Baloghia parviflora was described in 1942, and is listed as of Least Concern by the IUCN.

==Taxonomy==
The species was described by Cyril Tenison White in 1942.

==Distribution==
Baloghia parviflora is native to the wet tropical biome of Atherton Tableland, Queensland, Australia. It is endemic to Queensland.

The species grows in the understorey of mountainous rainforests, at elevations of 700-1000 m.

==Description==
Baloghia parviflora is a shrub or tree that grows up to 20 m high. It sometimes has a watery, pale red exudate.

The leaves are arranged alternately, and have 6-62 mm stems. The leaves are cuneate-oblanceolate, obovate or oblong, 2.5–23 cm long, and 0.7-8 cm wide.

Baloghia parviflora has white flowers. The male flowers are 3-4 mm long, 4.6-5 mm wide, and grow on 1-2 mm stems. The sepals are lanceolate-ovate, 3-3.5 mm long, and around 2 mm wide. The petals are lanceolate-ovate, 4-4.5 mm long, and 2-2.2 mm wide. The male flowers have ten to fifteen stamens.

The female flowers are 4-5 mm long, 7-8 mm wide, and grow on 2-4 mm stems. The sepals are lanceolate-ovate, around 4 mm long, and 2.5-3 mm wide. The petals are lanceolate-ovate, 4-5.5 mm long, and around 3 mm wide. The plant flowers throughout the year.
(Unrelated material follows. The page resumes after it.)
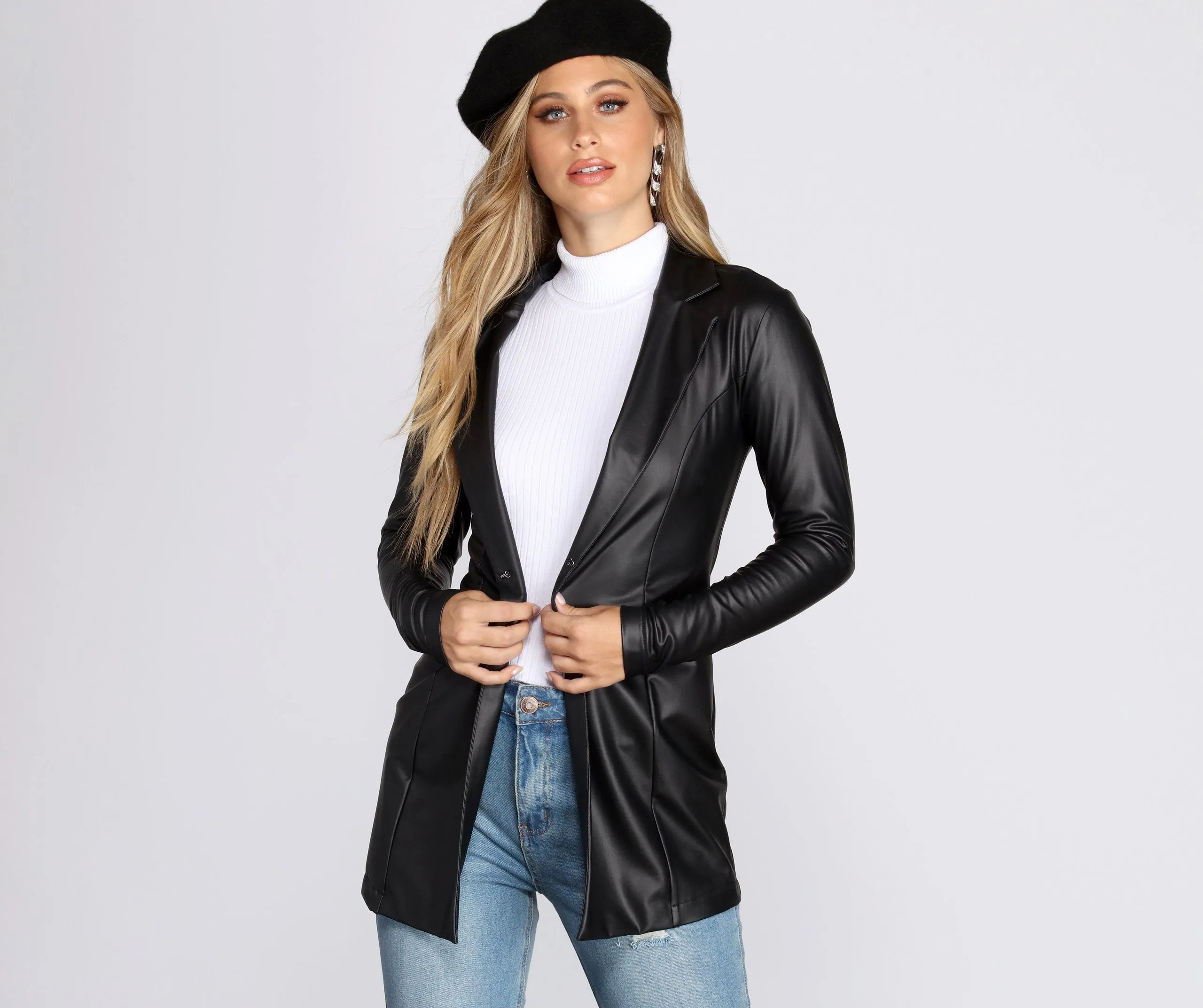 TastyHottie - Classic Faux Leather Blazer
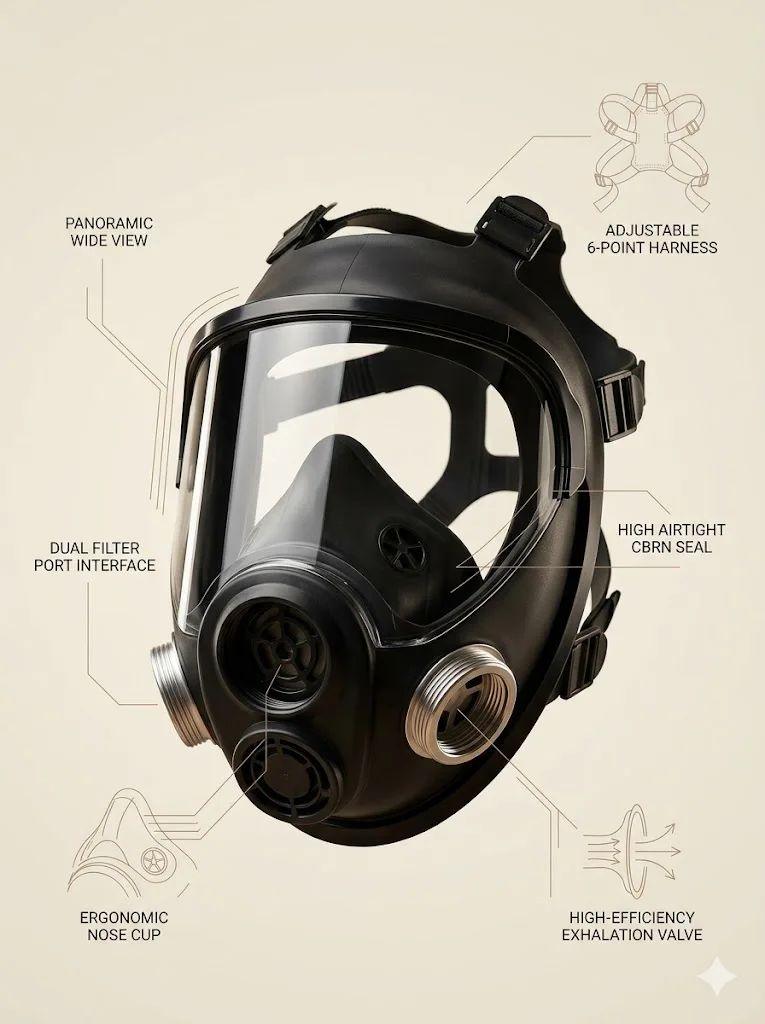 Full Face Silicone Gas Mask Dual RD40 Connection product detail 1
The fruit is round, around 12 mm long, and 14-16 mm wide. The seeds are round or ellipsoid, 7-8 mm long, and 5-5.5 mm wide. The seeds take three to four weeks to germinate. The plant fruits throughout the year.

==Conservation==
In 2023, the IUCN assessed Baloghia parviflora as of Least Concern. It has a large population, and faces no major threats.